Cyclic Sort

In this lesson, you'll learn about the Cyclic Sort pattern, a specialized sorting algorithm that works exceptionally well for a specific type of problem. While not as widely known as quicksort or merge sort, this pattern is incredibly powerful when dealing with arrays containing numbers in a given range.

Introduction

Cyclic Sort is particularly useful when you're dealing with arrays containing numbers in the range of 1 to n (or 0 to n-1). The key insight behind this pattern is that if you know the range of numbers, you can use that information to efficiently sort the array with just a single pass, achieving O(n) time complexity.

The pattern gets its name because it uses cycles of swaps to place elements in their correct positions.

How Cyclic Sort Works

The idea is simple but powerful:

1. Every element in the array should be at the index equal to its value (minus 1 for 1-based arrays)
2. We iterate through the array, and if an element is not at its correct position, we swap it to where it should go
3. After a swap, we don't move to the next element immediately because the new element at our current position might also be out of place
4. We continue swapping until we place an element in its correct position or detect a duplicate

Let's understand this with a step-by-step example.

Basic Implementation

Here's a basic implementation of the Cyclic Sort algorithm for an array containing numbers from 1 to n:

javascript

function cyclicSort(nums) {
  let i = 0;
  
  // Iterate through the array
  while (i < nums.length) {
    // Correct position for current element
    const correctPos = nums[i] - 1;
    
    // If the element is not at the correct position, swap
    if (nums[i] !== nums[correctPos]) {
      [nums[i], nums[correctPos]] = [nums[correctPos], nums[i]];
    } else {
      // Move to the next element only if current element is in correct position
      i++;
    }
  }
  
  return nums;
}

Step-by-Step Example

Let's trace through the algorithm using an example:

Input array: [3, 1, 5, 4, 2]

The goal is to sort this array using the cyclic sort pattern:

Let's break down what's happening step by step:

1. We start with i = 0 and nums[0] = 3
2. The correct position for 3 is at index 2 (3-1)
3. We swap 3 with the element at index 2, so array becomes [5, 1, 3, 4, 2]
4. Now at i = 0, we have nums[0] = 5
5. The correct position for 5 is at index 4 (5-1)
6. We swap 5 with element at index 4, so array becomes [2, 1, 3, 4, 5]
7. Now at i = 0, we have nums[0] = 2
8. The correct position for 2 is at index 1 (2-1)
9. We swap 2 with element at index 1, so array becomes [1, 2, 3, 4, 5]
10. Now at i = 0, we have nums[0] = 1
11. 1 is at the correct position (index 0), so we increment i to 1
12. We continue this process, but all remaining elements are already in their correct positions
13. The final sorted array is [1, 2, 3, 4, 5]

Time and Space Complexity

• Time Complexity: O(n) - We perform at most n-1 swaps and each element is visited at most twice.
• Space Complexity: O(1) - We sort in-place without using any extra space.

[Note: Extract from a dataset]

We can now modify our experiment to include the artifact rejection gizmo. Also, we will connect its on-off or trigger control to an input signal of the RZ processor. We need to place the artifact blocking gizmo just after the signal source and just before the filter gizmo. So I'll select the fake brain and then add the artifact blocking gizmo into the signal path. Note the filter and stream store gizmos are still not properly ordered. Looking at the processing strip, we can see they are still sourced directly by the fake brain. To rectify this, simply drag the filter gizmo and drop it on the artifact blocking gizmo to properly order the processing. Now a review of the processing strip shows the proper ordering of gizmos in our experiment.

Variations and Applications

This pattern is extremely useful for solving a variety of problems. Here are some common variations:

1. Finding Missing Numbers

The Cyclic Sort pattern is excellent for finding missing numbers in an array containing numbers in a given range.

javascript

function findMissingNumber(nums) {
  let i = 0;
  
  // Apply cyclic sort
  while (i < nums.length) {
    const correctPos = nums[i];
    if (nums[i] < nums.length && nums[i] !== nums[correctPos]) {
      [nums[i], nums[correctPos]] = [nums[correctPos], nums[i]];
    } else {
      i++;
    }
  }
  
  // Find the missing number
  for (i = 0; i < nums.length; i++) {
    if (nums[i] !== i) {
      return i;
    }
  }
  
  return nums.length;
}

// Example: Find the missing number in [3, 0, 1]
console.log(findMissingNumber([3, 0, 1])); // Output: 2

2. Finding Duplicate Numbers

Another common application is finding duplicates in an array:

javascript

function findDuplicate(nums) {
  let i = 0;
  
  while (i < nums.length) {
    const correctPos = nums[i] - 1;
    if (nums[i] !== nums[correctPos]) {
      [nums[i], nums[correctPos]] = [nums[correctPos], nums[i]];
    } else if (i !== correctPos) {
      // If the element is not at its correct position but is already equal to
      // the element at its correct position, we've found a duplicate
      return nums[i];
    } else {
      i++;
    }
  }
  
  return -1; // No duplicate found
}

// Example: Find the duplicate in [1, 3, 4, 2, 2]
console.log(findDuplicate([1, 3, 4, 2, 2])); // Output: 2

3. Finding All Missing Numbers

We can extend this pattern to find all missing numbers in an array:

javascript

function findAllMissingNumbers(nums) {
  let i = 0;
  
  // Apply cyclic sort
  while (i < nums.length) {
    const correctPos = nums[i] - 1;
    if (nums[i] > 0 && nums[i] <= nums.length && nums[i] !== nums[correctPos]) {
      [nums[i], nums[correctPos]] = [nums[correctPos], nums[i]];
    } else {
      i++;
    }
  }
  
  // Find all missing numbers
  const missingNumbers = [];
  for (i = 0; i < nums.length; i++) {
    if (nums[i] !== i + 1) {
      missingNumbers.push(i + 1);
    }
  }
  
  return missingNumbers;
}

// Example: Find all missing numbers in [4, 3, 2, 7, 8, 2, 3, 1]
console.log(findAllMissingNumbers([4, 3, 2, 7, 8, 2, 3, 1])); // Output: [5, 6]

Real-World Applications

1. Data Validation: Cyclic Sort can be used to quickly validate if a range of numbers is complete.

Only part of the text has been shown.